* [Supplied information]
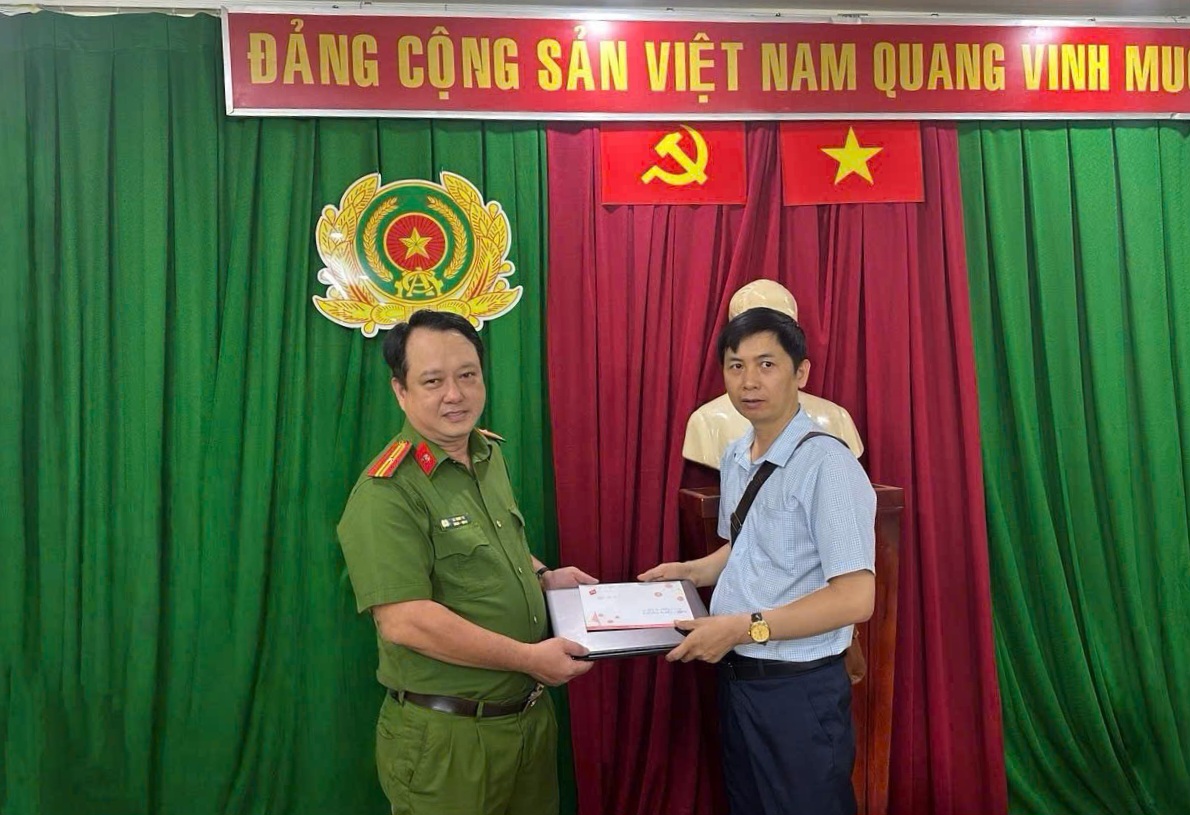 Chú thích ảnh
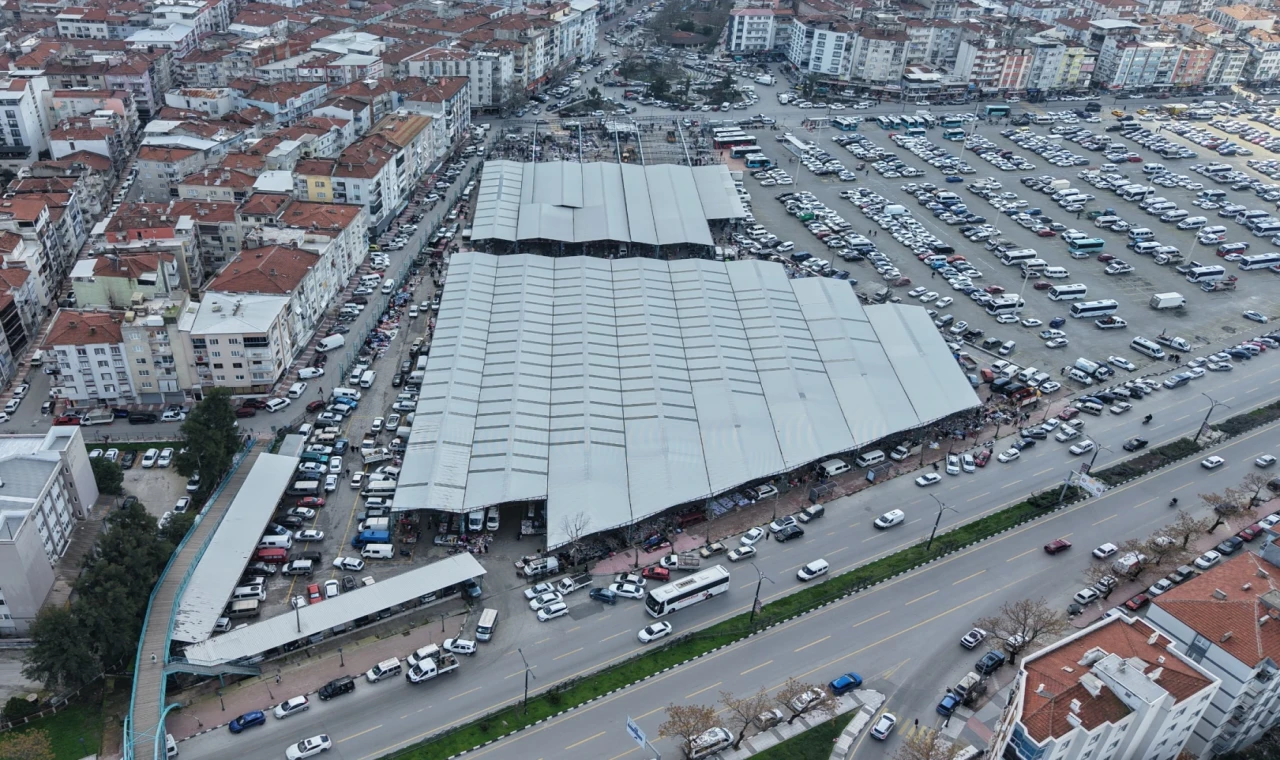 Manisa’da Perşembe Pazarı’nda altyapı sorunu çözüme kavuştu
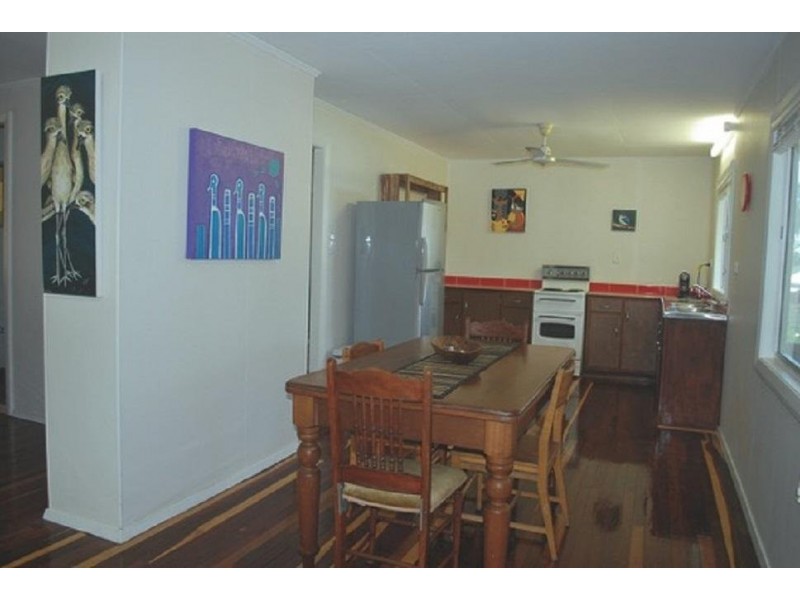 39 Cutten Street, Bingil Bay QLD 4852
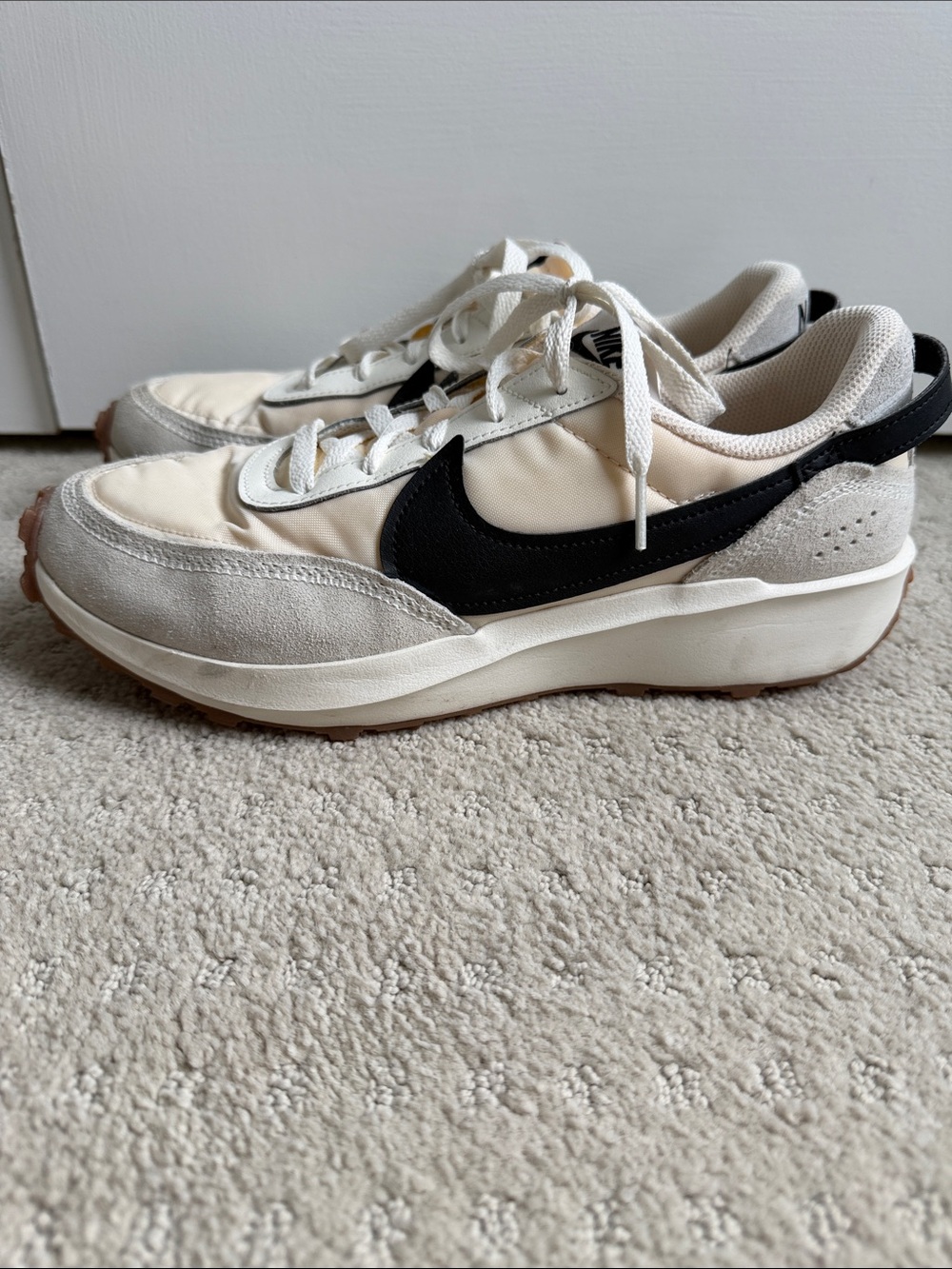 Nike Men’s Cream & Black Low-Top Sneakers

* [About this exercise] Exactly as written, give again every line from the one containing "Manisa’da Perşembe Pazarı’nda" through the last line of the material, both included, with the pictures left out.

* [Task result]
 Manisa’da Perşembe Pazarı’nda altyapı sorunu çözüme kavuştu
 39 Cutten Street, Bingil Bay QLD 4852
 Nike Men’s Cream & Black Low-Top Sneakers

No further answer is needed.